The former major general in the IDF reserves, Doron Almog, who is the founder and chairman of the Aleh Negev village, is proud of the project with the inmates. A military hero in army units who took part in historic operations like the Operation Entebbe airport rescue in 1976, Almog's son, Eran was born with severe autism and developmental disabilities. He named his son after his brother, Eran, who was killed in the Yom Kippur War. Eran Almog was one of the village's first residents until his untimely death at the age of 23 in 2007 and the village is named after him.

Almog believes his son had the most profound influence on his life.

"Eran, who never spoke even one word; who never called me Abba [Daddy], taught me true commitment. He inspired me to become an advocate for others like him - those pure souls who are completely dependent upon others but who lack the ability to speak up for themselves," he said.

He believes that the special needs population of Israel can have a profound influence on anyone, including prisoners and can help create a better society.
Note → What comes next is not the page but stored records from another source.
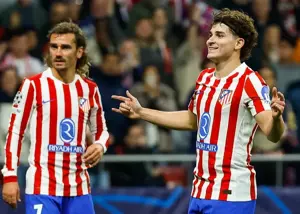 اتلتیکو 3-1 سن ژیلواز: با شانس و اقبال!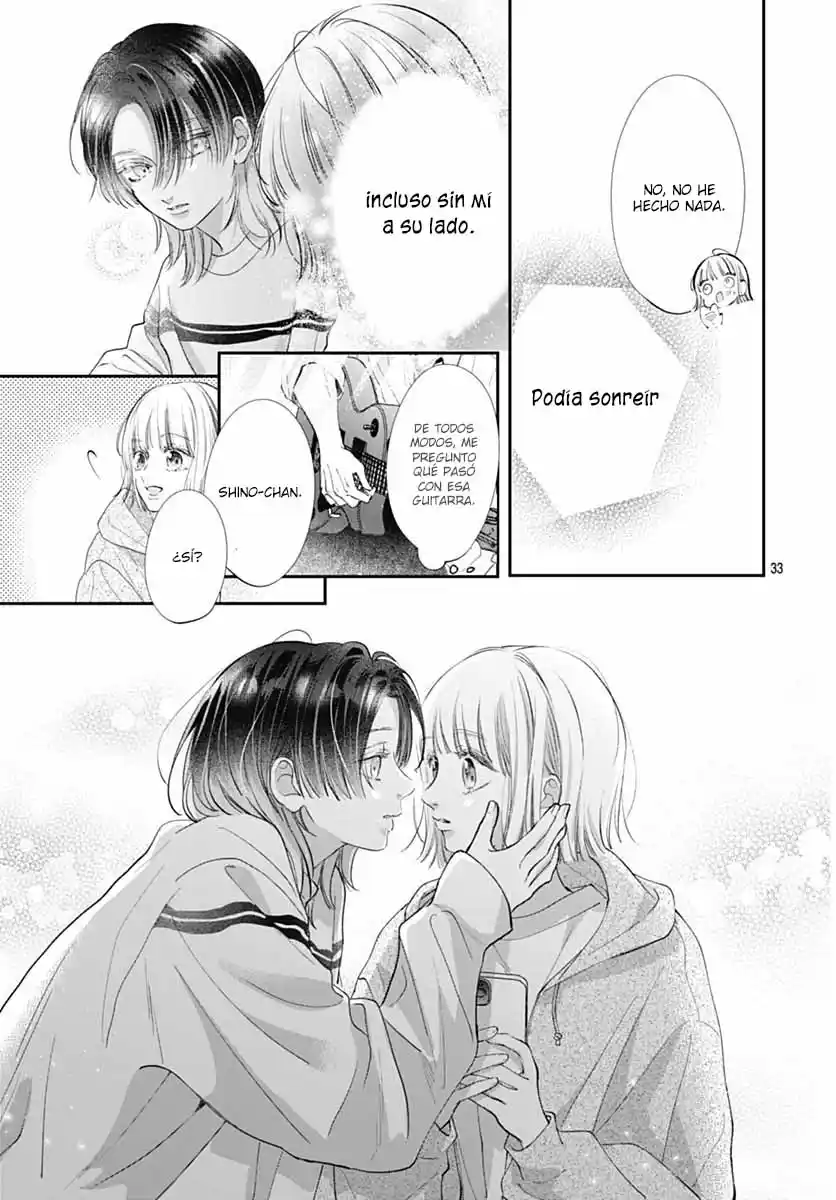 Kimi Wo Wasureru Koi Ga Shitai - Capítulo 8 - Página 36 - LectorTMOo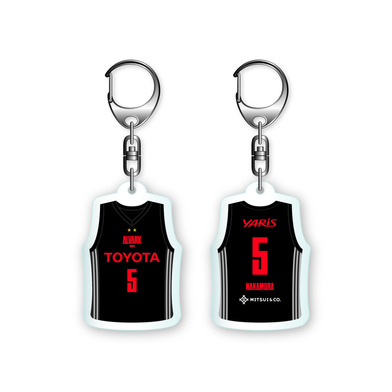 2025-26ユニフォームキーホルダー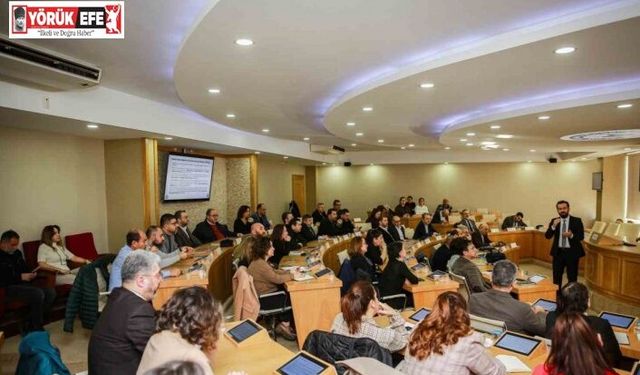 ADÜ’de hizmet içi eğitim programları düzenlendi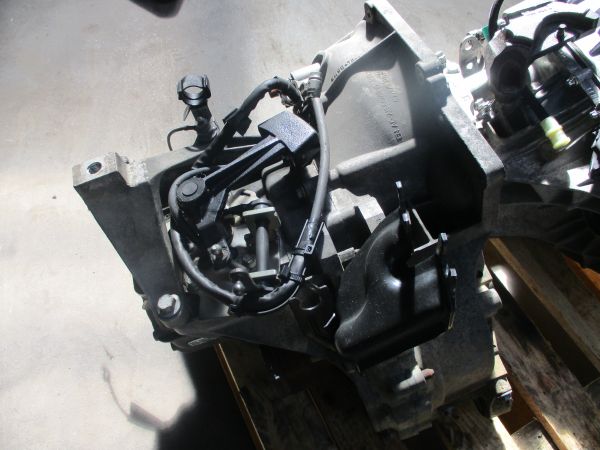 Caixa de velocidades manual FORD Focus II (DA_)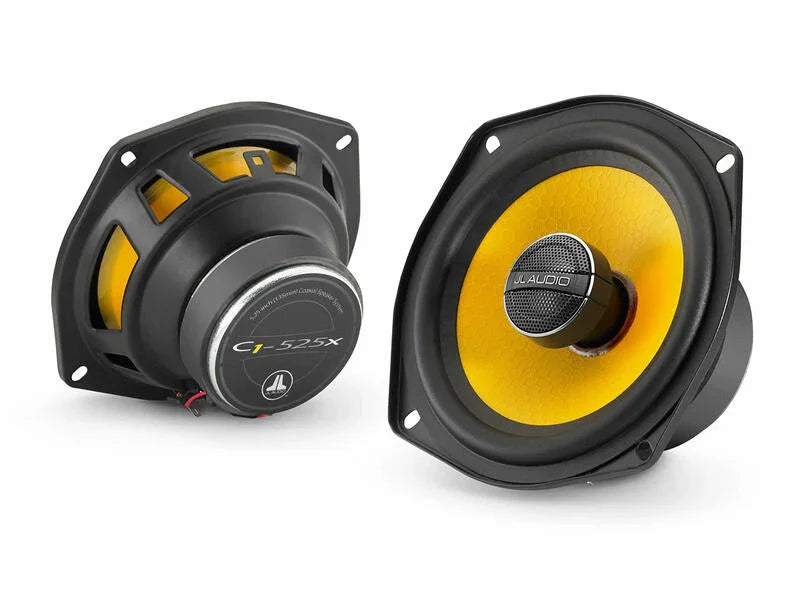JL Audio C1-525x coppia di altoparlanti Coassiali da 130mm 4 Ohm 50W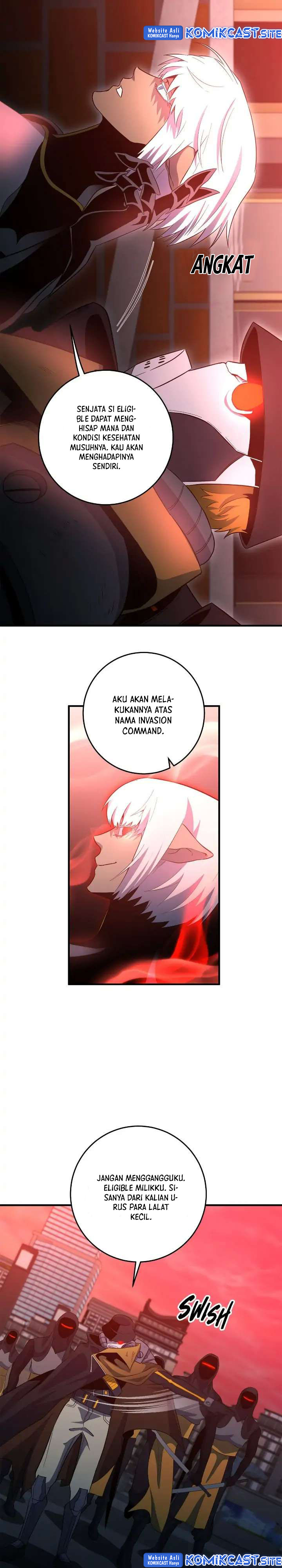990k Ex-Life Hunter Chapter 94 Gambar 19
"The White Collar Criminal Rehabilitation Program at ALEH Negev-Nahalat Eran, where prisoners work with severely disabled residents on a steady basis, is an outstanding example of the dramatic social influence that can be made by volunteering with the most vulnerable members of society in order to bring about tikkun olam [repairing the world], to create a society of excellence in Israel," asserted Almog.

*Names have been changed at the request of Israel Prison Service.